*** Opening Task inputs ***
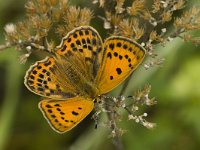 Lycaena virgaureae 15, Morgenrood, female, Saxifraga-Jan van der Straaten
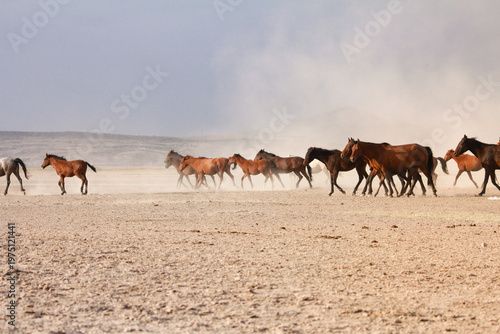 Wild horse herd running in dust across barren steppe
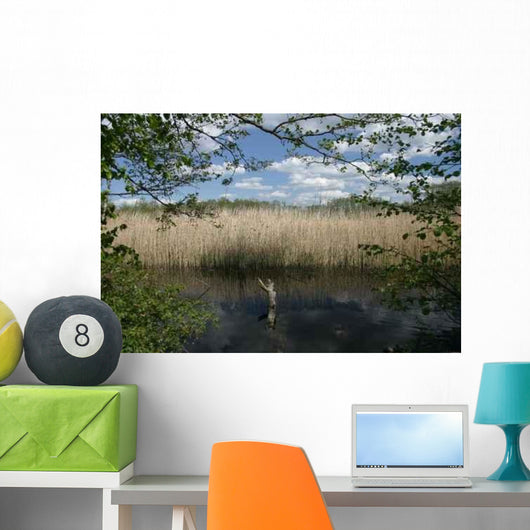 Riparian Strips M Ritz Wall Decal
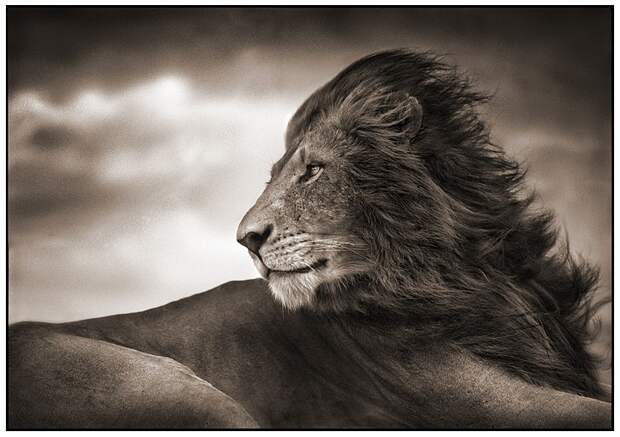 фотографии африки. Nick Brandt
*** Closing Task inputs ***
*** Opening Task inputs ***
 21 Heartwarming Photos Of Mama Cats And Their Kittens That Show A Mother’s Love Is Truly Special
*** Closing Task inputs ***
> _Prompt_
For this exercise, transcribe exactly the part of the records above that opens with the line containing "Lycaena virgaureae 15, Morgenrood, female, Saxifraga-Jan" and closes with the one containing "фотографии африки. Nick Brandt". Pictures are not part of the copy.

> _Result_
 Lycaena virgaureae 15, Morgenrood, female, Saxifraga-Jan van der Straaten
 Wild horse herd running in dust across barren steppe
 Riparian Strips M Ritz Wall Decal
 фотографии африки. Nick Brandt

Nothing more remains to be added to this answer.